Problem to work on ->
The records below must be reproduced in full and without error.

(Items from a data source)

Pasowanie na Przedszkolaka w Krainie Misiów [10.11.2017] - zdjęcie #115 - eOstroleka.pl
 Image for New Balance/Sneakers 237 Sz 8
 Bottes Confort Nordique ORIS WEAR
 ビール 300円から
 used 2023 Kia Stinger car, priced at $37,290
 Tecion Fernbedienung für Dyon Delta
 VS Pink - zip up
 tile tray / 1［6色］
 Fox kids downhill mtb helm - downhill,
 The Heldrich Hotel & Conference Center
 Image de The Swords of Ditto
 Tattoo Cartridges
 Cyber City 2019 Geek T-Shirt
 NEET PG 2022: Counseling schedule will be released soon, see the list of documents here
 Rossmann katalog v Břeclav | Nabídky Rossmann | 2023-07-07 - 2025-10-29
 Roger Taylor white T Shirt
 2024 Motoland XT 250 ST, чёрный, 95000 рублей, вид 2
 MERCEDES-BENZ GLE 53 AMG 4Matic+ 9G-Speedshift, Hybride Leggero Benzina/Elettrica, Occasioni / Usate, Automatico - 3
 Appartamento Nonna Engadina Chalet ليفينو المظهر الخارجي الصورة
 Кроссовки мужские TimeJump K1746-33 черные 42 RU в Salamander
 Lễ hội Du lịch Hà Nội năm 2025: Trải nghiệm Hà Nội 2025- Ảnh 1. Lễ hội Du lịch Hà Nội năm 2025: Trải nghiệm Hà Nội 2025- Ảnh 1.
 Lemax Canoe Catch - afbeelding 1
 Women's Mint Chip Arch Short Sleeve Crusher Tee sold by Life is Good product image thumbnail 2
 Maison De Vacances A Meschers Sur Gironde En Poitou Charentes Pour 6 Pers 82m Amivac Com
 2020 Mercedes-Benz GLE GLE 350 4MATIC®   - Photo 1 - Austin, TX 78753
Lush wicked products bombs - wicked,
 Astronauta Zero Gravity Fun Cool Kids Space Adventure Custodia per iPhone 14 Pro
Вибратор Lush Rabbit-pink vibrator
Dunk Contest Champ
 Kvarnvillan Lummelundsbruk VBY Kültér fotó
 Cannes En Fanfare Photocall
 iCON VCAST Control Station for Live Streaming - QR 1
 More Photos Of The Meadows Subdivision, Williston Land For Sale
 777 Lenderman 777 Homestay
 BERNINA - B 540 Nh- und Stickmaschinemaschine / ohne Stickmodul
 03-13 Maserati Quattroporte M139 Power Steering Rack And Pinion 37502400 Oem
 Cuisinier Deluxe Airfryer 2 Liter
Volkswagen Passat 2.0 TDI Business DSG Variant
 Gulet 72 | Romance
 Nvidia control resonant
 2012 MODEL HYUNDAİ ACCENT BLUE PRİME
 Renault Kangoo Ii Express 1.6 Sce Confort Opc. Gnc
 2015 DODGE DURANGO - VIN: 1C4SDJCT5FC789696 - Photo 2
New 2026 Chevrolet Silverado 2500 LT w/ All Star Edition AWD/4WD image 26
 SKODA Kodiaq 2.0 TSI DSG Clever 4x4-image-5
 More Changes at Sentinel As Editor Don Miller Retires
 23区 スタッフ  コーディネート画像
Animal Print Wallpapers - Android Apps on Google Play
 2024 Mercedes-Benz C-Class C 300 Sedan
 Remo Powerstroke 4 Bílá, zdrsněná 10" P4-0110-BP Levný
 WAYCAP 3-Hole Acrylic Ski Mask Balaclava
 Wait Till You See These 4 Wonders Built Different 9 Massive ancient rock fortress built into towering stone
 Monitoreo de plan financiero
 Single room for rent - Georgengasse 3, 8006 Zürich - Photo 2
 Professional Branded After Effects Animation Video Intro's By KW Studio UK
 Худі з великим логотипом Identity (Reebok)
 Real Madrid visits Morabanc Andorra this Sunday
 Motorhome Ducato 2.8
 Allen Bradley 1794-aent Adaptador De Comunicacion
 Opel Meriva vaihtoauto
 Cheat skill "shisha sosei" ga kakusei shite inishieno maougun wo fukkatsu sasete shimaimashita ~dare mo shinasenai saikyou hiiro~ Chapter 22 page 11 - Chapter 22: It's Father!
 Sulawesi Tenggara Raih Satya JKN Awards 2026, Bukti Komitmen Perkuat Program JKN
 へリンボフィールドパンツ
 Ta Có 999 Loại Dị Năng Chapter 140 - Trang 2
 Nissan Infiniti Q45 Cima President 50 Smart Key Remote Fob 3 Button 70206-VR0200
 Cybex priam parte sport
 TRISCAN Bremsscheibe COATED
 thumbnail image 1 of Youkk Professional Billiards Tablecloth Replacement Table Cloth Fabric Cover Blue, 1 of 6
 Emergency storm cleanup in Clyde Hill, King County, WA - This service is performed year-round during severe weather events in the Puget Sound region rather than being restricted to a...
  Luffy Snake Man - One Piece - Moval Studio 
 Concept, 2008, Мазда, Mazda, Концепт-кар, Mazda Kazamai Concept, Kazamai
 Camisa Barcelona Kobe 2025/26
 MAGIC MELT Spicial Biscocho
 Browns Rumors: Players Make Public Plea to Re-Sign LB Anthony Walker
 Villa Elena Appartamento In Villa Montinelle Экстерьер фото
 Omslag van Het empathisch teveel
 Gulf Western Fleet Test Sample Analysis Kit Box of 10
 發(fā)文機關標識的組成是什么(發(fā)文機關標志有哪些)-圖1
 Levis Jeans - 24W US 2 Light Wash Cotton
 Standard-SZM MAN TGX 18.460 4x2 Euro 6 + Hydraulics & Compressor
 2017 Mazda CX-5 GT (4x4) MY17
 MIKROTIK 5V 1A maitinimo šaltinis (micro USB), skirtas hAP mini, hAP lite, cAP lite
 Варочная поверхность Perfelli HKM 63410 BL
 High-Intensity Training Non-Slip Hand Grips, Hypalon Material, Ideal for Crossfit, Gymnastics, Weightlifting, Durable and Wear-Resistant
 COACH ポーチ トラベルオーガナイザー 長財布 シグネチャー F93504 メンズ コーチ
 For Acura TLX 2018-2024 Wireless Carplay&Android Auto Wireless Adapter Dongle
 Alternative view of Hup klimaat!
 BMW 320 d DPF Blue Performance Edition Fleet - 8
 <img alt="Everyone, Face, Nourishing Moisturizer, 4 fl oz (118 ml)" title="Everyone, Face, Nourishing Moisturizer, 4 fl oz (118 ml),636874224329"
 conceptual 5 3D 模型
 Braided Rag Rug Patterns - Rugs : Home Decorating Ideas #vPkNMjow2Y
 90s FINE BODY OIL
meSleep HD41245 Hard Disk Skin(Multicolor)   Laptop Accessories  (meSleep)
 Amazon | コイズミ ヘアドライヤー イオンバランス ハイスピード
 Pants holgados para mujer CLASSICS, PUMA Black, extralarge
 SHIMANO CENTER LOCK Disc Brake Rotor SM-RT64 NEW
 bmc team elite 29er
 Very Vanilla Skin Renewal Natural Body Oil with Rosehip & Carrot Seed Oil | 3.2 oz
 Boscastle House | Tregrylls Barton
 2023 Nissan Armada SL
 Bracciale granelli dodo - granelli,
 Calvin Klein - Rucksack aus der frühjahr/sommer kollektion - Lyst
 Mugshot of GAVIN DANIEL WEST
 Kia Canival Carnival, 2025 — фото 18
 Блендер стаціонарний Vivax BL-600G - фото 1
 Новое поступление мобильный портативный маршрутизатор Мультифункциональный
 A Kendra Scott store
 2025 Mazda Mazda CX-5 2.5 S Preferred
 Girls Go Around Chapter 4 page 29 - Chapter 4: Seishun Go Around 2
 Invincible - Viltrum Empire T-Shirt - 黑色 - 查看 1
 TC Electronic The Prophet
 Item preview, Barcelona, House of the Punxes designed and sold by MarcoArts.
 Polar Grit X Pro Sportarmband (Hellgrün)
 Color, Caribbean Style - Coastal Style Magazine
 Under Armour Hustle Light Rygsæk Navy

Exercise solution ->
Pasowanie na Przedszkolaka w Krainie Misiów [10.11.2017] - zdjęcie #115 - eOstroleka.pl
 Image for New Balance/Sneakers 237 Sz 8
 Bottes Confort Nordique ORIS WEAR
 ビール 300円から
 used 2023 Kia Stinger car, priced at $37,290
 Tecion Fernbedienung für Dyon Delta
 VS Pink - zip up
 tile tray / 1［6色］
 Fox kids downhill mtb helm - downhill,
 The Heldrich Hotel & Conference Center
 Image de The Swords of Ditto
 Tattoo Cartridges
 Cyber City 2019 Geek T-Shirt
 NEET PG 2022: Counseling schedule will be released soon, see the list of documents here
 Rossmann katalog v Břeclav | Nabídky Rossmann | 2023-07-07 - 2025-10-29
 Roger Taylor white T Shirt
 2024 Motoland XT 250 ST, чёрный, 95000 рублей, вид 2
 MERCEDES-BENZ GLE 53 AMG 4Matic+ 9G-Speedshift, Hybride Leggero Benzina/Elettrica, Occasioni / Usate, Automatico - 3
 Appartamento Nonna Engadina Chalet ليفينو المظهر الخارجي الصورة
 Кроссовки мужские TimeJump K1746-33 черные 42 RU в Salamander
 Lễ hội Du lịch Hà Nội năm 2025: Trải nghiệm Hà Nội 2025- Ảnh 1. Lễ hội Du lịch Hà Nội năm 2025: Trải nghiệm Hà Nội 2025- Ảnh 1.
 Lemax Canoe Catch - afbeelding 1
 Women's Mint Chip Arch Short Sleeve Crusher Tee sold by Life is Good product image thumbnail 2
 Maison De Vacances A Meschers Sur Gironde En Poitou Charentes Pour 6 Pers 82m Amivac Com
 2020 Mercedes-Benz GLE GLE 350 4MATIC®   - Photo 1 - Austin, TX 78753
Lush wicked products bombs - wicked,
 Astronauta Zero Gravity Fun Cool Kids Space Adventure Custodia per iPhone 14 Pro
Вибратор Lush Rabbit-pink vibrator
Dunk Contest Champ
 Kvarnvillan Lummelundsbruk VBY Kültér fotó
 Cannes En Fanfare Photocall
 iCON VCAST Control Station for Live Streaming - QR 1
 More Photos Of The Meadows Subdivision, Williston Land For Sale
 777 Lenderman 777 Homestay
 BERNINA - B 540 Nh- und Stickmaschinemaschine / ohne Stickmodul
 03-13 Maserati Quattroporte M139 Power Steering Rack And Pinion 37502400 Oem
 Cuisinier Deluxe Airfryer 2 Liter
Volkswagen Passat 2.0 TDI Business DSG Variant
 Gulet 72 | Romance
 Nvidia control resonant
 2012 MODEL HYUNDAİ ACCENT BLUE PRİME
 Renault Kangoo Ii Express 1.6 Sce Confort Opc. Gnc
 2015 DODGE DURANGO - VIN: 1C4SDJCT5FC789696 - Photo 2
New 2026 Chevrolet Silverado 2500 LT w/ All Star Edition AWD/4WD image 26
 SKODA Kodiaq 2.0 TSI DSG Clever 4x4-image-5
 More Changes at Sentinel As Editor Don Miller Retires
 23区 スタッフ  コーディネート画像
Animal Print Wallpapers - Android Apps on Google Play
 2024 Mercedes-Benz C-Class C 300 Sedan
 Remo Powerstroke 4 Bílá, zdrsněná 10" P4-0110-BP Levný
 WAYCAP 3-Hole Acrylic Ski Mask Balaclava
 Wait Till You See These 4 Wonders Built Different 9 Massive ancient rock fortress built into towering stone
 Monitoreo de plan financiero
 Single room for rent - Georgengasse 3, 8006 Zürich - Photo 2
 Professional Branded After Effects Animation Video Intro's By KW Studio UK
 Худі з великим логотипом Identity (Reebok)
 Real Madrid visits Morabanc Andorra this Sunday
 Motorhome Ducato 2.8
 Allen Bradley 1794-aent Adaptador De Comunicacion
 Opel Meriva vaihtoauto
 Cheat skill "shisha sosei" ga kakusei shite inishieno maougun wo fukkatsu sasete shimaimashita ~dare mo shinasenai saikyou hiiro~ Chapter 22 page 11 - Chapter 22: It's Father!
 Sulawesi Tenggara Raih Satya JKN Awards 2026, Bukti Komitmen Perkuat Program JKN
 へリンボフィールドパンツ
 Ta Có 999 Loại Dị Năng Chapter 140 - Trang 2
 Nissan Infiniti Q45 Cima President 50 Smart Key Remote Fob 3 Button 70206-VR0200
 Cybex priam parte sport
 TRISCAN Bremsscheibe COATED
 thumbnail image 1 of Youkk Professional Billiards Tablecloth Replacement Table Cloth Fabric Cover Blue, 1 of 6
 Emergency storm cleanup in Clyde Hill, King County, WA - This service is performed year-round during severe weather events in the Puget Sound region rather than being restricted to a...
  Luffy Snake Man - One Piece - Moval Studio 
 Concept, 2008, Мазда, Mazda, Концепт-кар, Mazda Kazamai Concept, Kazamai
 Camisa Barcelona Kobe 2025/26
 MAGIC MELT Spicial Biscocho
 Browns Rumors: Players Make Public Plea to Re-Sign LB Anthony Walker
 Villa Elena Appartamento In Villa Montinelle Экстерьер фото
 Omslag van Het empathisch teveel
 Gulf Western Fleet Test Sample Analysis Kit Box of 10
 發(fā)文機關標識的組成是什么(發(fā)文機關標志有哪些)-圖1
 Levis Jeans - 24W US 2 Light Wash Cotton
 Standard-SZM MAN TGX 18.460 4x2 Euro 6 + Hydraulics & Compressor
 2017 Mazda CX-5 GT (4x4) MY17
 MIKROTIK 5V 1A maitinimo šaltinis (micro USB), skirtas hAP mini, hAP lite, cAP lite
 Варочная поверхность Perfelli HKM 63410 BL
 High-Intensity Training Non-Slip Hand Grips, Hypalon Material, Ideal for Crossfit, Gymnastics, Weightlifting, Durable and Wear-Resistant
 COACH ポーチ トラベルオーガナイザー 長財布 シグネチャー F93504 メンズ コーチ
 For Acura TLX 2018-2024 Wireless Carplay&Android Auto Wireless Adapter Dongle
 Alternative view of Hup klimaat!
 BMW 320 d DPF Blue Performance Edition Fleet - 8
 <img alt="Everyone, Face, Nourishing Moisturizer, 4 fl oz (118 ml)" title="Everyone, Face, Nourishing Moisturizer, 4 fl oz (118 ml),636874224329"
 conceptual 5 3D 模型
 Braided Rag Rug Patterns - Rugs : Home Decorating Ideas #vPkNMjow2Y
 90s FINE BODY OIL
meSleep HD41245 Hard Disk Skin(Multicolor)   Laptop Accessories  (meSleep)
 Amazon | コイズミ ヘアドライヤー イオンバランス ハイスピード
 Pants holgados para mujer CLASSICS, PUMA Black, extralarge
 SHIMANO CENTER LOCK Disc Brake Rotor SM-RT64 NEW
 bmc team elite 29er
 Very Vanilla Skin Renewal Natural Body Oil with Rosehip & Carrot Seed Oil | 3.2 oz
 Boscastle House | Tregrylls Barton
 2023 Nissan Armada SL
 Bracciale granelli dodo - granelli,
 Calvin Klein - Rucksack aus der frühjahr/sommer kollektion - Lyst
 Mugshot of GAVIN DANIEL WEST
 Kia Canival Carnival, 2025 — фото 18
 Блендер стаціонарний Vivax BL-600G - фото 1
 Новое поступление мобильный портативный маршрутизатор Мультифункциональный
 A Kendra Scott store
 2025 Mazda Mazda CX-5 2.5 S Preferred
 Girls Go Around Chapter 4 page 29 - Chapter 4: Seishun Go Around 2
 Invincible - Viltrum Empire T-Shirt - 黑色 - 查看 1
 TC Electronic The Prophet
 Item preview, Barcelona, House of the Punxes designed and sold by MarcoArts.
 Polar Grit X Pro Sportarmband (Hellgrün)
 Color, Caribbean Style - Coastal Style Magazine
 Under Armour Hustle Light Rygsæk Navy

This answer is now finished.